For June 1997, TELRI plans a workshop on Translation Equivalents, to be organised jointly by WG Joint Research and the Tuscan Word Centre. For this activity, links will also be established with the PAROLE Association Working Group "Multilingual Lexicon".

Also for 1997, TELRI is going to launch the proposal for a new project "PAROLE East" to be submitted under the next COPERNICUS call for proposals. Complementary to the existing LE-PAROLE project, PAROLE East aims to create standardised language resources (comparable corpora and lexicons) in those CEE and NIS countries that already have some resources available for conversion according to existing PAROLE standards.

4. The Future of TELRI

In their evaluation report, our external reviewers, Prof. Alexander Barulin (Moscow) and Dr. Mark Liberman (Philadelphia) strongly supported TELRI's intention to set up an independent legal body, "TELRI Association", in order to enable the continuation of our activities once the present funding period has expired. We are now in the process of establishing the TELRI Association as a registered association under German civil law, which we hope will be finished by the end of this year.

In response to another desideratum expressed in the Evaluation Report, TELRI will continue to expand and improve its presence on the World Wide Web. As a first step, we have established a dedicated position of TELRI WWW Officer and have contracted this job to a graduate student who will maintain and update our WWW pages. In addition to the already existing English WWW pages, it is planned to set up individual pages for each of the TELRI languages as well as to install "interactive" WWW pages for quick and easy information on TELRI resources and services. We thus hope to make TELRI not only a viable and successful institution but also a long-term "brand name" on the corpus linguistics information market.


Topic of this issue: Syntactic Tagging

(continued)

Note of the Editors:

We bring two more contributions to the discussion on tagging started in the preceding issue of TELRI Newsletter. Since we believe that corpus annotation belongs to the hot problems in the present state of development of corpus linguistics, we would welcome any reports on on-going projects, proposals of innovative approaches or comments on the already published contributions.

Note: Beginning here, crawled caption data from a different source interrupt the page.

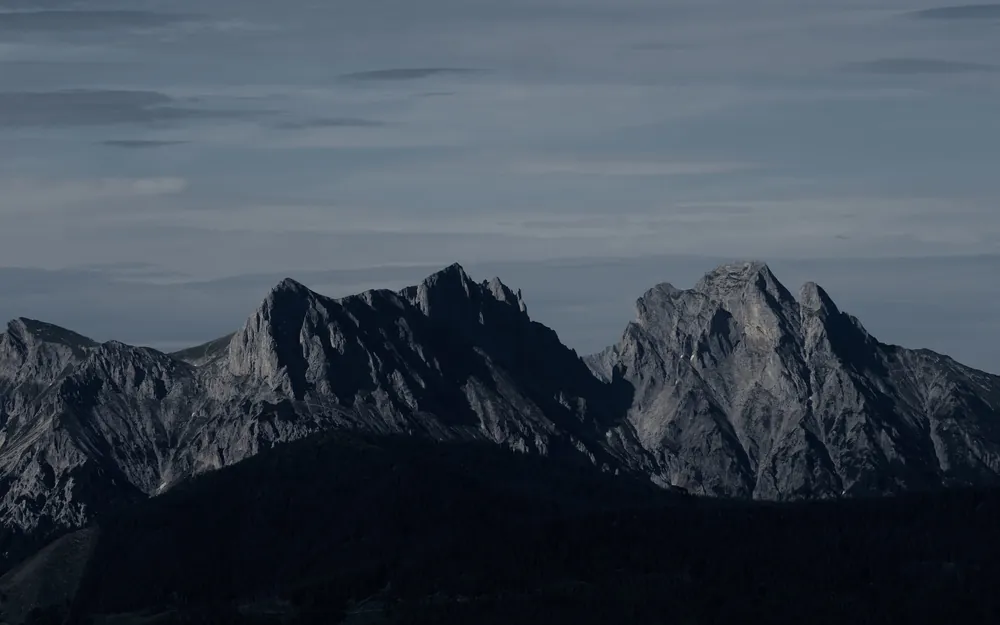 A dark mountain range with a sharp summit under overcast sky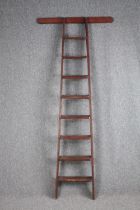 A vintage library ladder. H.210cm.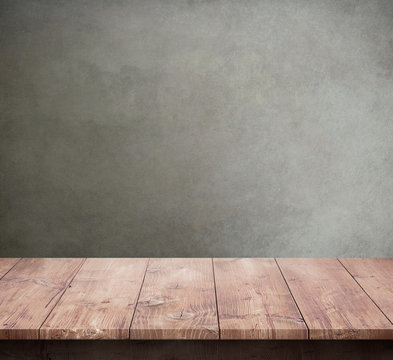 Wood table with concrete texture background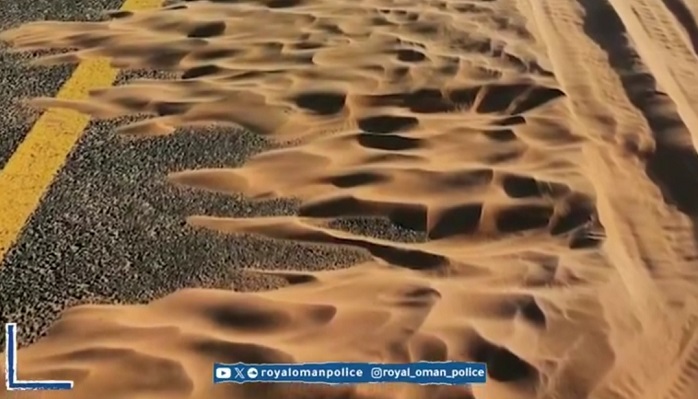 Royal Oman Police warns of sand dunes on this road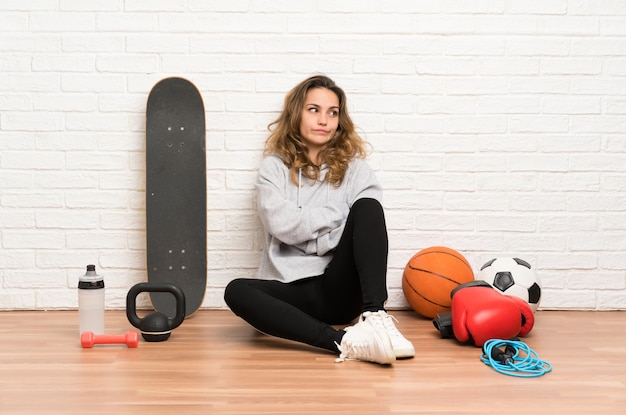 Young sport woman sitting on the floor thinking an idea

Morphosyntactic Annotation of Textual Corpora using

the LE-PAROLE Tagset Specifications

Norbert Volz, IDS Mannheim

1. Introduction

According to Leech and Wilson (1994, p.3), "Corpus annotation is the practice of adding interpretative, especially linguistic, information to a text corpus, by coding added to the electronic interpretation of the text itself."

Thus, morphosyntactic annotation, also known as part-of-speech (POS) tagging, is the annotation of the grammatical class of each text token. POS tagging is primarily carried out automatically by using rule-based or stochastic (e.g., Hidden Markov Models) tagging algorithms (see e. g. Hladká and Hajiè, 1995). Therefore, we will concentrate on machine tagging of corpus texts, either fully automatic or semi-automatic, i.e., involving human intervention at some stages.

Within large multilingual projects such as PAROLE or TELRI, most of the available corpus tools such as taggers, access, maintenance and storage software, etc. are developed at different locations and are often also based on different existing resources and programs; therefore, common encoding standards and guidelines have to be developed in order to port the various tools and resources to other partner sites in the project.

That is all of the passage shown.